Background & Motivation¶
The field of image generation and editing has become increasingly specialized with rising application demands. Different tasks require distinct methodologies and domain-specific datasets, which limits cross-domain knowledge learning. However, various tasks share a core requirement: maintaining consistency between input and output images while introducing controlled visual changes.
Video generation models (such as Sora-like approaches) can effectively balance inter-frame consistency and motion changes, which highly aligns with the requirements of image editing. Furthermore, existing image editing datasets are difficult to construct and limited in scale, whereas video data naturally contains inter-frame consistency and dynamics, serving as a scalable and universal source of supervision.
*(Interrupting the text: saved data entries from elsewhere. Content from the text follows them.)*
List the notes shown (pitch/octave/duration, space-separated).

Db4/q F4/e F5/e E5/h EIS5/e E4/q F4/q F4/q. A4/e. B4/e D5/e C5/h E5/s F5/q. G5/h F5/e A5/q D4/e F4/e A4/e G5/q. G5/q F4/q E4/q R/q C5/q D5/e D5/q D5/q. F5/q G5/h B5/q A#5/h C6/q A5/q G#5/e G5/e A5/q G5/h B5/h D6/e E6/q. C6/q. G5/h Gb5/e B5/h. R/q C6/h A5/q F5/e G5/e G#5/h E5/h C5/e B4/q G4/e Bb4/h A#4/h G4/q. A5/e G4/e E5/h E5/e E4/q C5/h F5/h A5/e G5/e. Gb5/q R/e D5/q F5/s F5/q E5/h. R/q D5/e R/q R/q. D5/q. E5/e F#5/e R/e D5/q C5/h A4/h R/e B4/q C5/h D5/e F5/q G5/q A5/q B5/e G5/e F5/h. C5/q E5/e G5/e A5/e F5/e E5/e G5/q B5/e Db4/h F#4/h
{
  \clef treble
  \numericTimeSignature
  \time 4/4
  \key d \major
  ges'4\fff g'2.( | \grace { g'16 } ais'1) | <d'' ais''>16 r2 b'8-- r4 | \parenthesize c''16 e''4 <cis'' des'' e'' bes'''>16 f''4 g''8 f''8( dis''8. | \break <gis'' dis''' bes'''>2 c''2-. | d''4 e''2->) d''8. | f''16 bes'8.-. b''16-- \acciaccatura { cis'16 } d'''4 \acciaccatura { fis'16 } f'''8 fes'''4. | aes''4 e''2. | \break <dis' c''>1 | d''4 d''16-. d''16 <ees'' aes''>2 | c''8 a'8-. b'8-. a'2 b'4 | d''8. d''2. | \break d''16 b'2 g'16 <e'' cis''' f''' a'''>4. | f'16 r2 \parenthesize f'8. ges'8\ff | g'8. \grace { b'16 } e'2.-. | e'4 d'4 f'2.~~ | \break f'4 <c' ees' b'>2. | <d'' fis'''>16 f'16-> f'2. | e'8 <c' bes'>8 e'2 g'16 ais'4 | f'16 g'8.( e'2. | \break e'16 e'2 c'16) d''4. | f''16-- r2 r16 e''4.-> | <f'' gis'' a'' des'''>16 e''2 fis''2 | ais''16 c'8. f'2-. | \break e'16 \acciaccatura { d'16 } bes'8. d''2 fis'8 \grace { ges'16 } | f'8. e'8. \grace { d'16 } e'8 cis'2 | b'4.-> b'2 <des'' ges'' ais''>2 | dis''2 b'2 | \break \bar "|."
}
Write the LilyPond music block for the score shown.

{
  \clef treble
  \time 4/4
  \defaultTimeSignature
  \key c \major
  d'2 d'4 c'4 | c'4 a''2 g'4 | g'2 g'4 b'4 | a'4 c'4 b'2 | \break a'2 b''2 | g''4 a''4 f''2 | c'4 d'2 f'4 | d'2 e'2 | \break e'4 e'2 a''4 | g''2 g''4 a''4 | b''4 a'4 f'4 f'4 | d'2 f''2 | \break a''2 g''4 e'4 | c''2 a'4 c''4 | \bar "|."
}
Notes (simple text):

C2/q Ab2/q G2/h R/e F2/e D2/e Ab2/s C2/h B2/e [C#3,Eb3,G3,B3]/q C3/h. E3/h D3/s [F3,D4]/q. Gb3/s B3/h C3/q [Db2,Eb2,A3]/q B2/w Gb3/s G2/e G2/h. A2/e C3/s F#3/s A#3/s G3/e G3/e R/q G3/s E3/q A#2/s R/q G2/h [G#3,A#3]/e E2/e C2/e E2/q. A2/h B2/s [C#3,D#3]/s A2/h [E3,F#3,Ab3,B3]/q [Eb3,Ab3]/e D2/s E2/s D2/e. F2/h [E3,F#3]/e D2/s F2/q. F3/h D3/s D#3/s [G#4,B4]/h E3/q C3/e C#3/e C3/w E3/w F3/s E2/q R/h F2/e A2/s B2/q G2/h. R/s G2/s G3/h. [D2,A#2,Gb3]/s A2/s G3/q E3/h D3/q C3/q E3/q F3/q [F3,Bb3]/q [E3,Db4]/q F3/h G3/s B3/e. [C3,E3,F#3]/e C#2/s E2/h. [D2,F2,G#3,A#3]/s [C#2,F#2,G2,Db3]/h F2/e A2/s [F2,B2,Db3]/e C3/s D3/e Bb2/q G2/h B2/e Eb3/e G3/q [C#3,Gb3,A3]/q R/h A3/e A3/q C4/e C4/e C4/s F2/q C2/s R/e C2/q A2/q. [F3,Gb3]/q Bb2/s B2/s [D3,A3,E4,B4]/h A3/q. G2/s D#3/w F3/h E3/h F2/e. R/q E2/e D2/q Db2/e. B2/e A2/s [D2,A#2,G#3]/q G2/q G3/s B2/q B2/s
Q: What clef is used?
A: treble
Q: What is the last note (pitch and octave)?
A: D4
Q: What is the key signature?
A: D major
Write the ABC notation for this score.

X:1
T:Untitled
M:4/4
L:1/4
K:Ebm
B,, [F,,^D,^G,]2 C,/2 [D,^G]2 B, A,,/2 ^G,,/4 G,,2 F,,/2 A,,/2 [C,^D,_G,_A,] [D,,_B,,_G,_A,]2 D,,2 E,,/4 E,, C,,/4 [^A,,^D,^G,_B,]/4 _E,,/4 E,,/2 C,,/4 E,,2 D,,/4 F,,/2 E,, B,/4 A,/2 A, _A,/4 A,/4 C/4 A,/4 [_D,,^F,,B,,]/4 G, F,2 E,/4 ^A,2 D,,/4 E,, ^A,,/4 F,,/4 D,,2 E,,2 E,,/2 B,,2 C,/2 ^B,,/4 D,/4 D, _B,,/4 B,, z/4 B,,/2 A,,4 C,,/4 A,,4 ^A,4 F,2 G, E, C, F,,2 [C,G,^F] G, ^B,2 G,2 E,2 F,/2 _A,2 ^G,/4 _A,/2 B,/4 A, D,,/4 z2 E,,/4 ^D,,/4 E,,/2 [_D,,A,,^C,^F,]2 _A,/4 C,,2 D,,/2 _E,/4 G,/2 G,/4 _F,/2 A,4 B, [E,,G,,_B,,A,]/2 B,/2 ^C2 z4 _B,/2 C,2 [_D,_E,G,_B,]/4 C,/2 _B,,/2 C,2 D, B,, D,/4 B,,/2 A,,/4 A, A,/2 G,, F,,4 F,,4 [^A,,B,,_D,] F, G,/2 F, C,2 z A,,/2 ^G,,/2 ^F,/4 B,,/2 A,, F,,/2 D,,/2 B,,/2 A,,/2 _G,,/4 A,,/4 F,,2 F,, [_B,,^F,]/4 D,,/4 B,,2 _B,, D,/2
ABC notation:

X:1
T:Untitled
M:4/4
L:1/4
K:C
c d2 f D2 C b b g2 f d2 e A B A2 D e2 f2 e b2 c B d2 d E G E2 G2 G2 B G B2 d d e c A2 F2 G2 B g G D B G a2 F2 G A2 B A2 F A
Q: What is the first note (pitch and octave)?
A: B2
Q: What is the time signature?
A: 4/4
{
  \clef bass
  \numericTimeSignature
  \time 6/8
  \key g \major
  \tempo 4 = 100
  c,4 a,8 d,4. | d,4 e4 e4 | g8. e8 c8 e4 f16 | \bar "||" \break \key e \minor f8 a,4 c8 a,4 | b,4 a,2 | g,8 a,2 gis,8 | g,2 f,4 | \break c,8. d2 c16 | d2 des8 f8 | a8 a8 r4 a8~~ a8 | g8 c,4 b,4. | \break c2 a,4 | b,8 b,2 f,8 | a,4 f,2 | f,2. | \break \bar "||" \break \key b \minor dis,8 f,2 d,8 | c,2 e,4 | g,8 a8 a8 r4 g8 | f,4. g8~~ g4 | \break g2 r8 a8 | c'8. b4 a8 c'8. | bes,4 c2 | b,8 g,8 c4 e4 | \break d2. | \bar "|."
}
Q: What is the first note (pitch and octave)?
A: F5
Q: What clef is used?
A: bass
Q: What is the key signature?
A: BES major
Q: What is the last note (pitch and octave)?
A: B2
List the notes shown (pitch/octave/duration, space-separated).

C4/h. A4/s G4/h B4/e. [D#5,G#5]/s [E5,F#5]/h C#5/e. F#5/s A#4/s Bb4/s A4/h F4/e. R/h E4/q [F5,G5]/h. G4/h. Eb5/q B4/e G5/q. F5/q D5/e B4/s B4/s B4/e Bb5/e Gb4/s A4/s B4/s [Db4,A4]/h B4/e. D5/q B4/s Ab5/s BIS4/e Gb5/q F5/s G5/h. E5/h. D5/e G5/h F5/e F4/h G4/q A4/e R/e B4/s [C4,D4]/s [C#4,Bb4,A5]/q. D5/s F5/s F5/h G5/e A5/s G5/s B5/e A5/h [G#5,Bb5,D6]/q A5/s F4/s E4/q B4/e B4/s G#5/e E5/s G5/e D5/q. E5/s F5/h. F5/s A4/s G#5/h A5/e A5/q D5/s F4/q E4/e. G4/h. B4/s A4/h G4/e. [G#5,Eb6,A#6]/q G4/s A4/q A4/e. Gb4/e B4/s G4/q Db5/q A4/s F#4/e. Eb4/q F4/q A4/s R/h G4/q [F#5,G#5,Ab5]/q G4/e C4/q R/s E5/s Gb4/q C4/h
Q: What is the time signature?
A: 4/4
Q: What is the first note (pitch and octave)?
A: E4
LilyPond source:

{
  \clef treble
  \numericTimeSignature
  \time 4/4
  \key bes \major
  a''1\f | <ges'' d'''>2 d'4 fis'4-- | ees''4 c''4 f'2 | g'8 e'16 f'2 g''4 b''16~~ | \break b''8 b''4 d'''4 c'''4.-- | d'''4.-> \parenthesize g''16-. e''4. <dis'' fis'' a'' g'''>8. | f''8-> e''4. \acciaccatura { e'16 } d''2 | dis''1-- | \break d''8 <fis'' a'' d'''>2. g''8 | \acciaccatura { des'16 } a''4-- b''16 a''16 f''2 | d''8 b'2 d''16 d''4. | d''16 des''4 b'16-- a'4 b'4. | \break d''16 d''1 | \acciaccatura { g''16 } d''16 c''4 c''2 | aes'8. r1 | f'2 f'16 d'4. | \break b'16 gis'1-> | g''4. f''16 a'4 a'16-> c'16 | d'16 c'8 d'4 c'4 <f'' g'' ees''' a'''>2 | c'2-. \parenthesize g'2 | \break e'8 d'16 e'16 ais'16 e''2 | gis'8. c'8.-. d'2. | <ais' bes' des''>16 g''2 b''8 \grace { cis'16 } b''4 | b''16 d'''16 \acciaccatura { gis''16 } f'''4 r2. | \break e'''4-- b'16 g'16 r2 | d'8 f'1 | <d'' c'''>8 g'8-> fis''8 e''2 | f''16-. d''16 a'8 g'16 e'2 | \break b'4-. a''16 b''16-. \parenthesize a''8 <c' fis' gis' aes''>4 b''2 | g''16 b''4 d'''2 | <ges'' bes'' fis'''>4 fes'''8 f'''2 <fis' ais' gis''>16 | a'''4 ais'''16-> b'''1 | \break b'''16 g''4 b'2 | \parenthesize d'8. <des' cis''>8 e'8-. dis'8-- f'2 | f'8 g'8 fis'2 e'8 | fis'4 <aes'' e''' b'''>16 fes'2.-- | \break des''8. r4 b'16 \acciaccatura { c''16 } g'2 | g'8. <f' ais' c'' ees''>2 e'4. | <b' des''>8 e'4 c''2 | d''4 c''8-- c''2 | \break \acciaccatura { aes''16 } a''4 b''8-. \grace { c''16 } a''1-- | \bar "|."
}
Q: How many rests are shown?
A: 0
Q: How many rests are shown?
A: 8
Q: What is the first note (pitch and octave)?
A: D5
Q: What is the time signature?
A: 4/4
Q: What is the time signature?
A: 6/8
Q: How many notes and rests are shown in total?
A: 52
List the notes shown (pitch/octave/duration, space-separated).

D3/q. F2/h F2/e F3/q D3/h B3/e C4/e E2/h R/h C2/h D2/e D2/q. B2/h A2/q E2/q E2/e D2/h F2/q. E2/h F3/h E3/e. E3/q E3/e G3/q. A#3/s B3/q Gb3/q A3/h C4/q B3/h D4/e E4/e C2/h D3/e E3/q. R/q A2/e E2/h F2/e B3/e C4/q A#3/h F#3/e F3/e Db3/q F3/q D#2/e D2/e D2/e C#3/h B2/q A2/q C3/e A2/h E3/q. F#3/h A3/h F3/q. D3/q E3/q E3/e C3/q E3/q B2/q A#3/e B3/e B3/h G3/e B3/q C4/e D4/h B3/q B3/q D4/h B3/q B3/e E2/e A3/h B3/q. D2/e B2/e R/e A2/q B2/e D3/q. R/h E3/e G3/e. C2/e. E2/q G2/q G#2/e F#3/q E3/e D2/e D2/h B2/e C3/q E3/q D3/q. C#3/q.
The core insight of UniReal is to view image-level tasks as "discontinuous video generation", utilizing large-scale video learning to capture world dynamics (such as lighting, reflections, object interactions, etc.), while eliminating ambiguity in multi-task joint training through hierarchical prompting.
Method¶
Overall Architecture¶
Based on a 5B-parameter video generation Transformer, UniReal treats different numbers of input/output images as video frames, modeling inter-frame relationships through full attention. Input images are encoded by VAE and patchified into visual tokens. Index embeddings and image prompts (asset/canvas/control) are added, and then concatenated with T5-encoded text embeddings into a long 1D tensor to be fed into the Transformer.
Key Design 1: Text-Image Association and Hierarchical Prompting¶
- Function: Eliminates ambiguity during multi-task joint training in a unified framework, precisely guiding how the model should process different input images.
- Mechanism: Visual tokens are associated with corresponding text positions using reference words like "IMG1"/"RES1". A three-layer prompt is designed: (a) Base Prompt describes the task content; (b) Context Prompt provides attribute labels (e.g., "realistic/synthetic", "static/dynamic"); (c) Image Prompt distinguishes three types of input images—canvas (background editing target), asset (reference object), and control (layout/shape constraint)—via learnable category embeddings.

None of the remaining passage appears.